_THE TASK_:
Your answer must be the lines from the one holding "Low angle view" through the final line of the entries below, copied exactly, with no pictures.

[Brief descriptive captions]
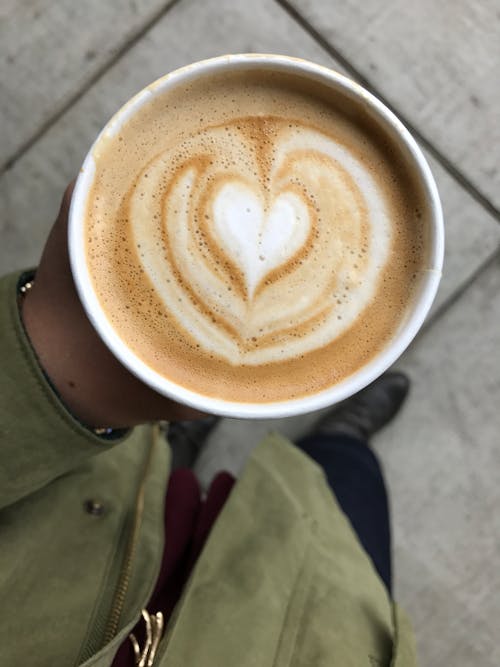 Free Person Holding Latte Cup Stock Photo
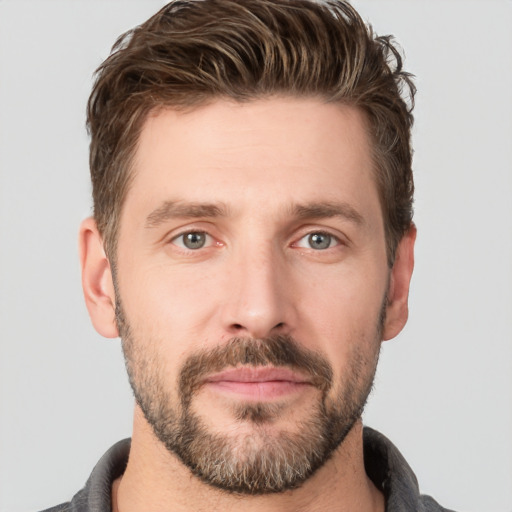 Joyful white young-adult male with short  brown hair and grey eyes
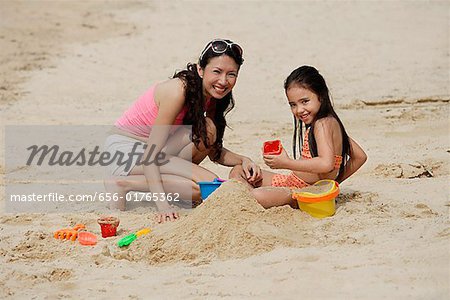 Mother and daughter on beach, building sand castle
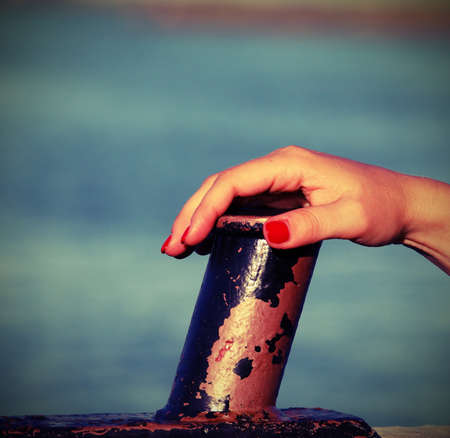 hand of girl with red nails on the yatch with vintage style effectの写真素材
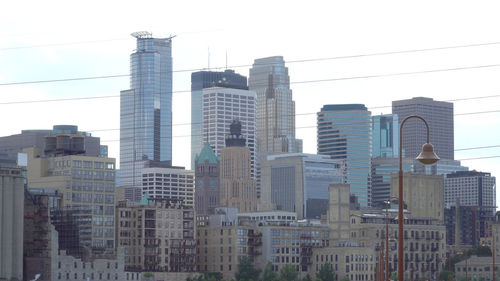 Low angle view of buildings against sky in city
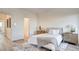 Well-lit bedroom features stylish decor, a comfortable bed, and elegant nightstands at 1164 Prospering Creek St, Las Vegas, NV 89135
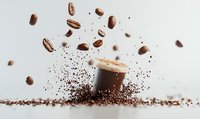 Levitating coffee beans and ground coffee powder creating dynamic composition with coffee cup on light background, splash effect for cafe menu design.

_EXPECTED ANSWER_:
 Low angle view of buildings against sky in city
 Well-lit bedroom features stylish decor, a comfortable bed, and elegant nightstands at 1164 Prospering Creek St, Las Vegas, NV 89135
 Levitating coffee beans and ground coffee powder creating dynamic composition with coffee cup on light background, splash effect for cafe menu design.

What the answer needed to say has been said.